What is Deep Research?

Deep Research refers to a class of agentic AI capabilities and models offered by several commercial vendors. Unlike traditional chatbots, Deep Research tools are designed to autonomously conduct multi-step research across the web, analyze findings, and generate citation-based reports with transparent reasoning. They can ask clarifying questions, refine their approach, and synthesize information from multiple sources in real time.
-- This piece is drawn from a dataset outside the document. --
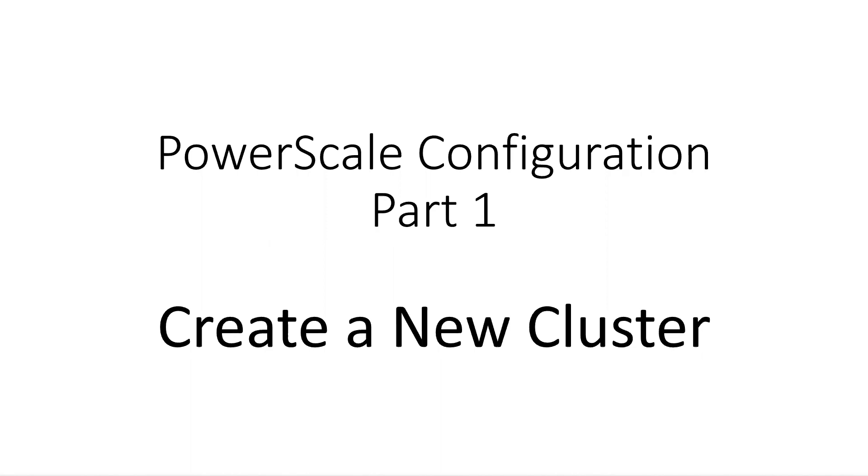Hello and welcome to the first session of a series on configuring PowerScale with OneFS version 9.3. If you find this useful, please subscribe to my channel and like this video.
CDC's internal exploratory evaluation during 2025 found that Deep Research is particularly well-suited for some complex public health tasks, including:

  • Literature synthesis for emerging health threats or intervention strategies.
  • Policy and legal scans across jurisdictions.
  • Strategic planning and scenario analysis.
  • Public health communications and message development.
  • Comparative analysis of programs, interventions, or regulations.

Determining When Deep Research Is the Right Tool

Based on CDC's internal exploratory evaluation, Deep Research tools are most beneficial when used for well-scoped, information-rich public health tasks that require synthesis across multiple sources. It is not a replacement for expert judgment or statistical modeling. The table below outlines suggested use cases for Deep Research tools.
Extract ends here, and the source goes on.